Original Link: http://www.anandtech.com/show/1645
The Quest for More Processing Power, Part Two: "Multi-core and multi-threaded gaming"by Johan De Gelas on March 14, 2005 12:05 AM EST
- Posted in
IntroductionIn our first article, we explained that dynamic power, power leakage, the memory wall and wire delay have forced CPU designers to rethink the methods that they use to achieve higher performance CPUs.
In Part 2, we will investigate the advantages and disadvantages of the new market trend: multi-core CPUs. Will dual core enhance your gaming experience? Tim Sweeney, the leading developer behind the Unreal 3 engine, was so kind to answer our questions about multi-threaded development with concise answers. There is more - in the third part of this series, we will investigate what future multi-core and single core architectures will bring. We examine if the stories about "the new era of multi-threaded multi-core CPUs" are true and whether or not this will really benefit the consumer.
Should you care?Should you care whether or not we are moving to multi-core and multi-threaded CPUs? After all, the past decades, we were able to get consistently more performance for lower prices. However, it is pretty unclear whether or not multi-cores will benefit all consumers. We will explain this statement in more detail, but it is very interesting to see whether or not it will benefit you. The last spring IDF was all about multi-core CPUs, but there was very little information on how this is going to benefit the consumers. Let us take a critical look at this new direction that the desktop CPUs have taken.
Multi-core, multi-expensive?Dual cores are expensive to manufacture. Yields (the number of working chips on one wafer) are roughly proportional to size. Larger, dual core chips will always have lower yields than smaller, single core chips on the same process technology. But that is only a small problem. A bigger and more obvious problem is that you have only half the number per wafer (even slightly less). So, dual cores (such as Pressler) cost at least twice as much to manufacture compared to a single core chip - most likely more (such as Yonah, Pentium-D). Dual and multi-cores might not increase the thermal density (dissipated power per mm²), but they do increase the total power. Granted, from the viewpoint of a heat sink designer, it is not much harder to cool a 112 mm² Prescott chip that dissipates +/- 90 Watt than a theoretical 206 mm² Pentium-D with 180 Watt. However, making sure that those 180 Watts do not cook all the components inside your computer is almost an impossible task for the system designer who wants to design a relatively silent PC. The result is that multi-core CPUs will run at lower clockspeeds than their single core counterparts. The Pentium-D, the dual core Prescott, is limited to 130 Watt and 3.2 GHz, while the current Prescott dissipates up to 115 Watt and runs at 3.8 GHz. And last, but not least, dual core CPUs need more bandwidth than a single core to make a difference and increase the "CPU perceived" latency. Cache coherency and getting access to the same memory bus all increase the total latency that the CPU sees and thus, lowers performance.

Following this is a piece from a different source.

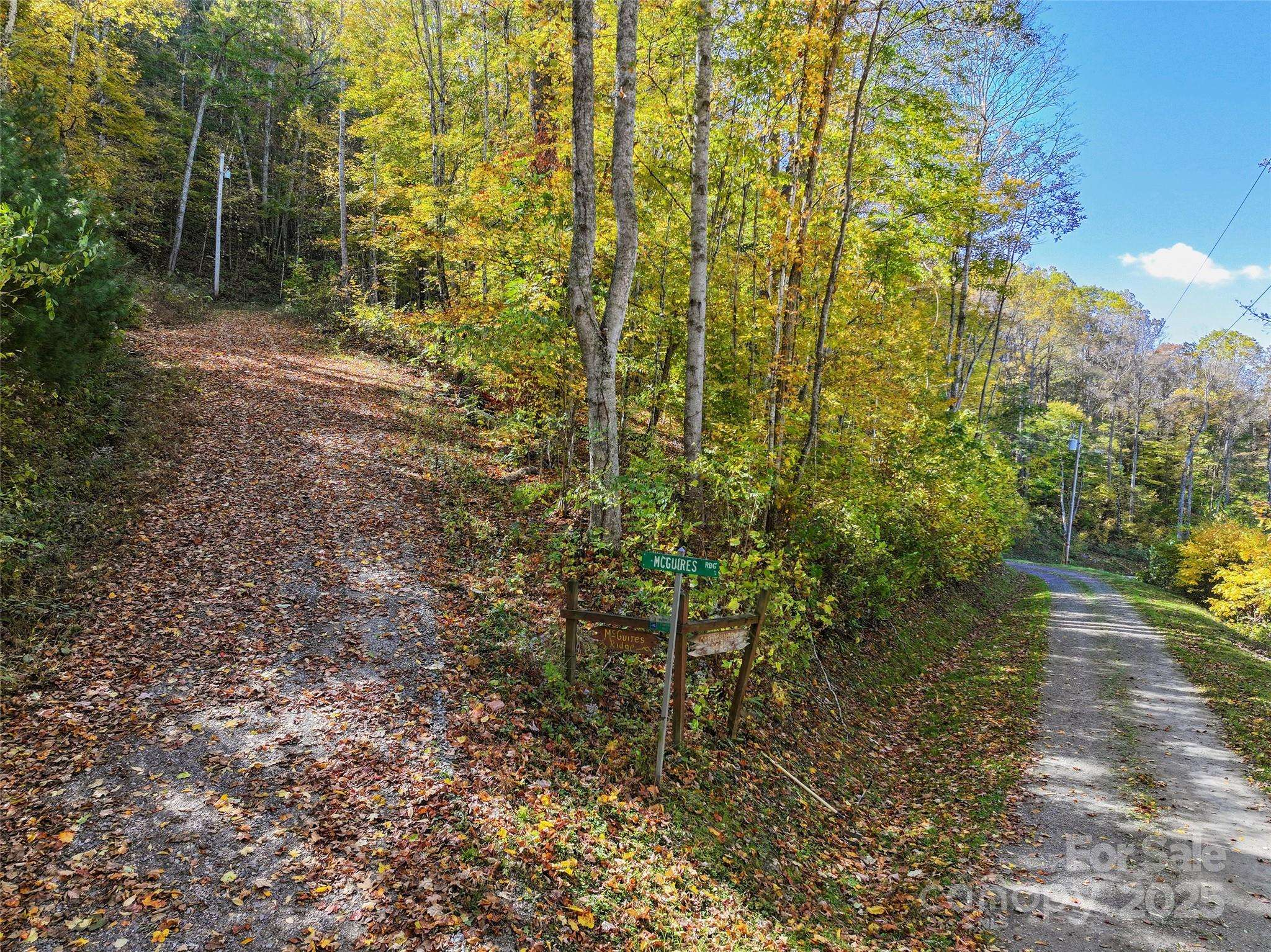 Lot 316 McGuires RDG #316, Waynesville, NC 28786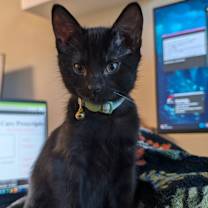 Thumbnail photo of Dust mite #4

Multi-core, multi-performance?The advantages of multi-core and multi-threaded CPUs far outweigh the disadvantages in the server market. While most server applications produce a lot of threads and processes, performance scales close to linear as more cores are added to the die. This is in sharp contrast with the superscalar CPU where increasingly complex designs require exponentionally more transistors, and power show diminishing returns, especially in server applications where the IPC can go below 1. While Dual core CPUs are more expensive to manufacture, they are far easier to design than turning a single core CPU into an even wider issue, complex CPU. Development costs for a new CPU design are astronomically high. So, it does not surprise us at all that Server CPU manufacturers have turned en masse towards multi-core CPU designs: significant power gains with a fraction of the time and money invested. And the same can be said about a big part of the HPC market.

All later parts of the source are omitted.